**Problem:** Your answer should be an exact copy of the lines from the one holding "COREDO Muromachi 2" to the end of the material below, pictures left out.

**Data segment:**
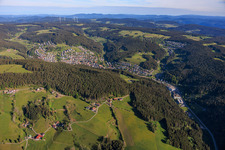 Vue de la vallée de Schiltach depuis le sud-est à le quartier Tennenbronn in Schramberg dans le département Bade-Wurtemberg, Allemagne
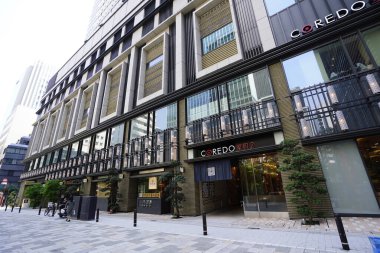 COREDO Muromachi 2 binası, Tokyo 'nun tarihi Nihonbashi bölgesindeki büyük bir ticari tesisin bir parçası.. 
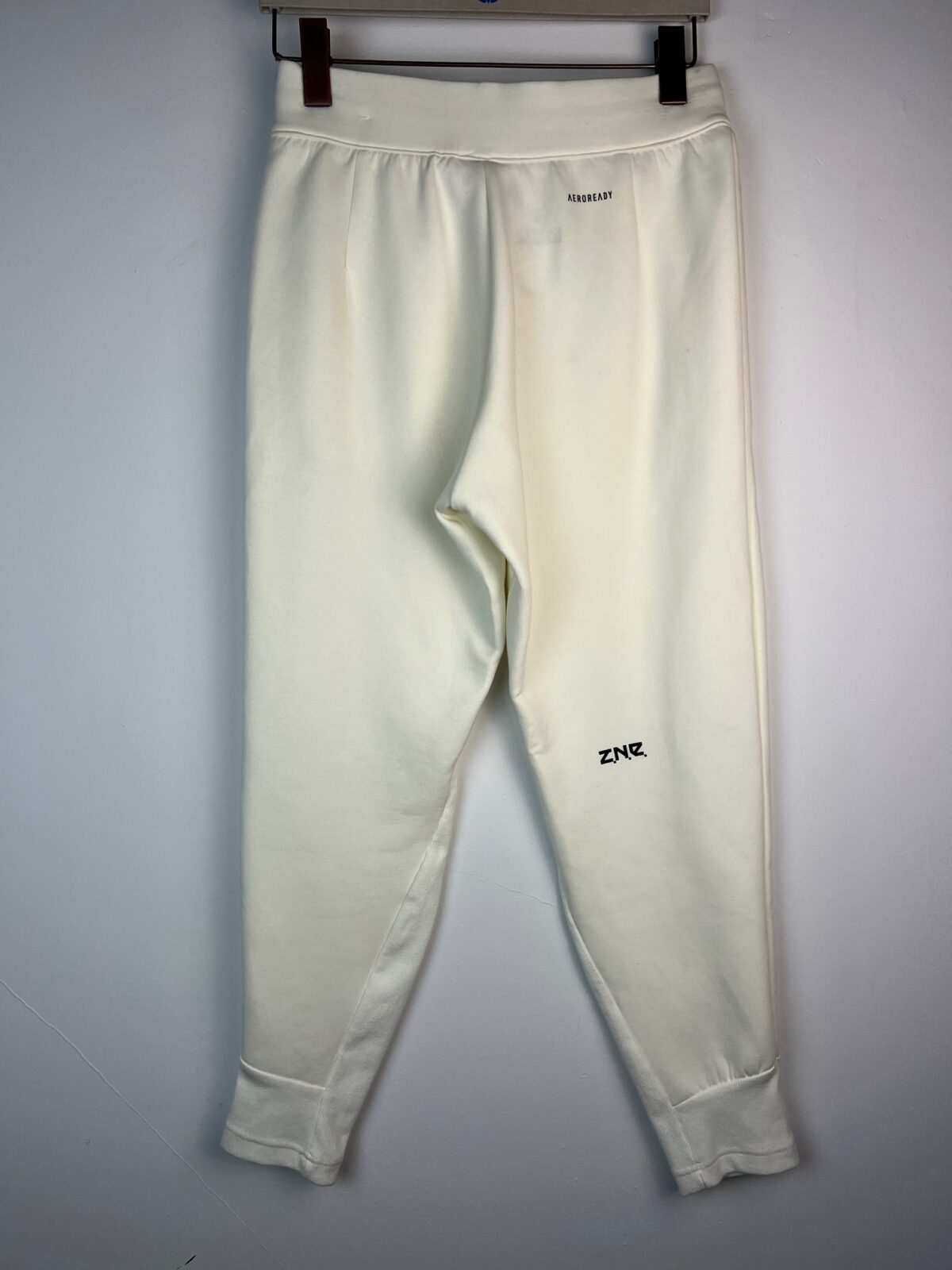 IMG_3877 Spodnie męskie Adidas Performance Z.N.E. kremowe S - obrazek 3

**Your response:**
 COREDO Muromachi 2 binası, Tokyo 'nun tarihi Nihonbashi bölgesindeki büyük bir ticari tesisin bir parçası.. 
 IMG_3877 Spodnie męskie Adidas Performance Z.N.E. kremowe S - obrazek 3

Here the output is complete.